In his departure speech at the Terminal 2 of the Ninoy Aquino International Airport, Aquino said he will have separate meetings with French leader FranÇois Hollande and Pope Francis, whom he hosted in Manila recently.
During the first leg, Coloma confirmed that Mr. Aquino will preside over the Climate Vulnerable Forum at the Paris climate talks among leaders of 195 nations in the 21st meeting of what is called the Conference of Parties (COP21).
“As chairperson of the Climate Vulnerable Forum, the President’s main focus is to build common ground for concerted action among similarly situated countries in strengthening disaster resiliency and enhancing capability in implementing climate-change adaptation and mitigation measures,” Coloma told the BusinessMirror.
Speaking in Filipino, Mr. Aquino said he intends to share the Philippine experience in coping with disasters that hit the country, as well as its “travails and recovery from severe calamities.”
At the COP21 Forum, Mr. Aquino added that he intends to speak for other countries most affected by “increasingly frequent and more damaging disasters associated with climate change.”

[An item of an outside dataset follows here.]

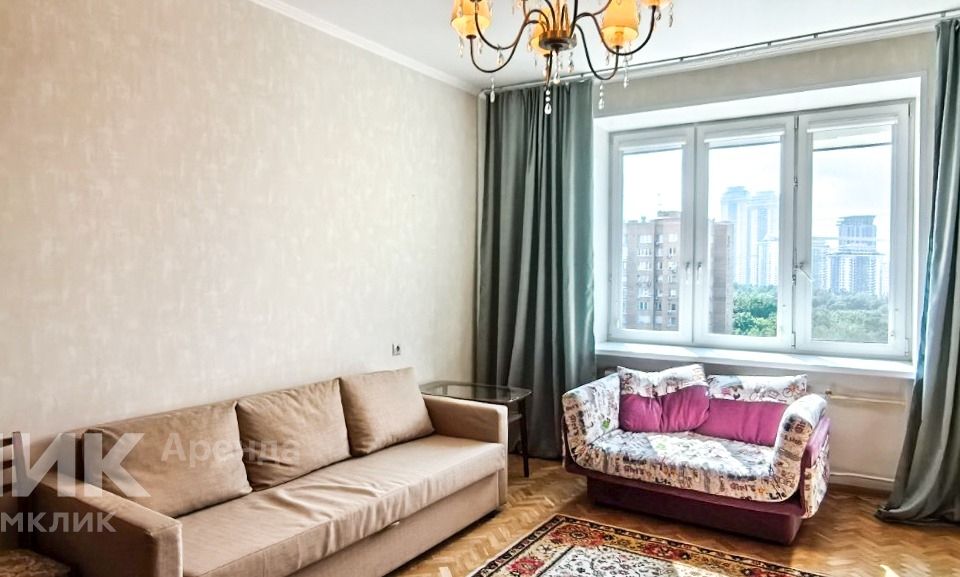 Сдаётся 2-комнатная квартира, 65.2 м²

He also cited earlier efforts in Copenhagen to convince countries to adopt measures to reduce greenhouse-gas emission levels, even as he admitted that the conference failed to forge a firm consensus, and instead passed on the task to the Paris conference on UN Framework Convention on Climate Change.
Mr. Aquino voiced satisfaction with Hollande’s support for the Philippines’s initiatives, when the French leader visited Manila in February and joined him in the Manila call to Action on Climate Change.
According to Coloma, the President is set to reaffirm Philippine commitments to enforce a 70-percent reduction in carbon emissions by year 2030.
In Italy Coloma said President Aquino would also discuss the Mindanao peace process and agriculture.
On the ASA point, Coloma said President Aquino is expected to expand the deal to open direct commercial flights between Manila and Rome.
The latter agendum comes more than two years after the Philippines and Italy held air-services consultations in Rome in September 2013, according to the Philippine Embassy in Italy.
According to the embassy, “Both sides discussed and initialed the Philippines-Italy ASA and signed a shared memorandum of understanding.”
The ASA allows Philippine air carriers to fly directly to Italy (Rome, Milan, Bergamo and another point) and Italian air carriers to fly directly to the Philippines (Manila, Cebu, Clark and another point), the embassy said.
According to the Philippine Embassy in Italy, the last bilateral agreement on air-services was concluded and signed in 1969, and Philippine Airlines last flew to Italy in 1994.
“The ASA is expected benefit some 170,000 Filipinos and their families who work and reside in Italy, among other overseas Filipino workers based in Europe, by affording them the option to take direct flights back home, help boost tourism and encourage increased business travel between the Philippines and Italy.”
According to Coloma, Mr. Aquino will meet with President Sergio Mattarella at the Italian leader’s private residence, and later hold a dialogue with select members of the Filipino community.